Gang prevention is a central focus for middle schools in Oakland and across the country. Many gang prevention programs exist but very few are rigorously evaluated. Are these programs actually effective?

In “Short- and Long- Term Outcome Results from a Multisite Evaluation of the G.R.E.A.T. Program,” published in the journal Criminology and Public Policy, a team of authors evaluates the Gang Resistance Education and Training (G.R.E.A.T.) program. G.R.E.A.T. is a school-based gang-prevention program that encourages youth to avoid gang membership, prevent violence and criminal activity, and develop positive relationships with police officers.

The study pulled data from seven major US cities on 3,820 students in 31 different schools. In each school, approximately half of the students were randomly assigned access to G.R.E.A.T., while half received no intervention. The authors examined the differences in long-term outcomes (defined as up to four years post-program completion) between students who enrolled in the program and those who did not.

The authors looked at student-reported outcomes before and after participating in G.R.E.A.T. They compared these outcomes with those of students who were not randomly assigned to participate in the program. The authors examined 33 factors related to gang activity including gang affiliation, general delinquency, violent offending, and attitudes toward the police.
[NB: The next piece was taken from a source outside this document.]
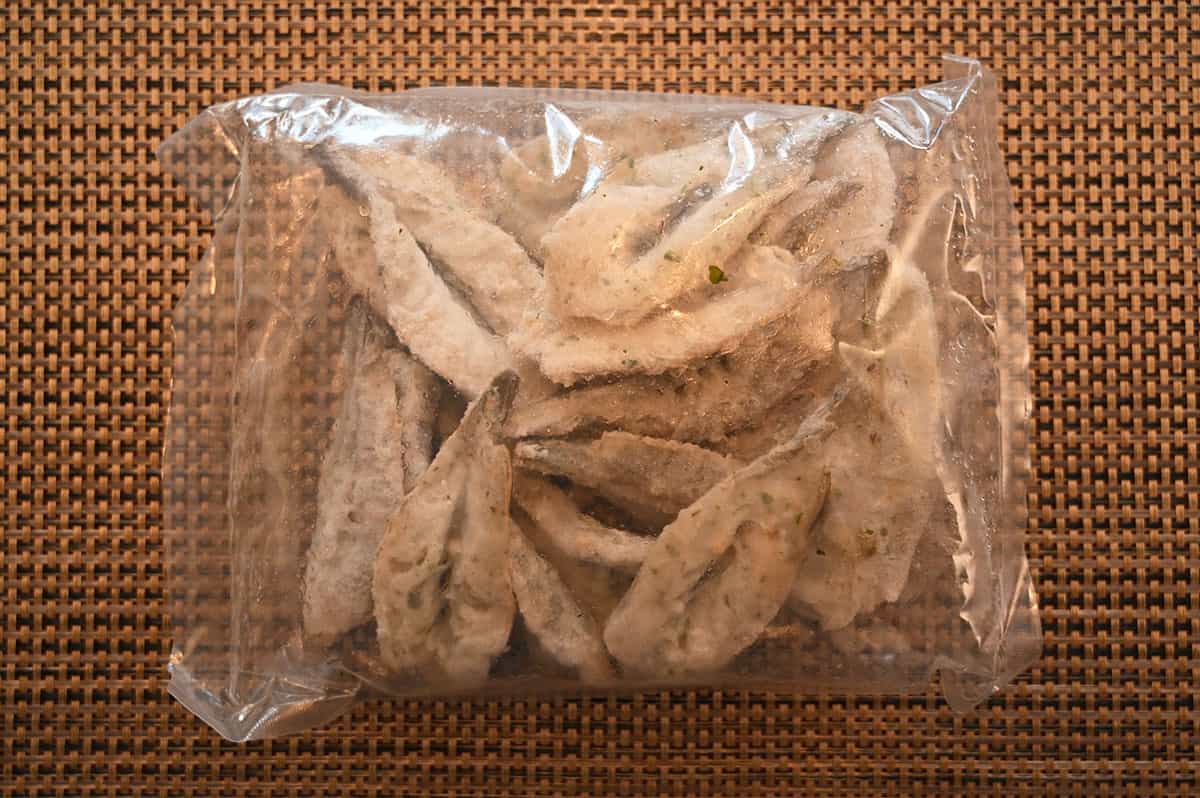 Image of a plastic bag with the raw shrimp. Showing how the shrimp comes packaged.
They found that the likelihood of gang involvement during the four years immediately following enrollment in the program was 24 percent lower for students enrolled in the program. In addition, attitudes toward the police were more positive among those enrolled in G.R.E.A.T.

Yet the authors failed to find a long-term difference between those enrolled in the program and those who were not when looking at factors such as resistance to peer pressure and association with delinquent peers. These results are disappointing because such factors are strong predictors of future criminal activity.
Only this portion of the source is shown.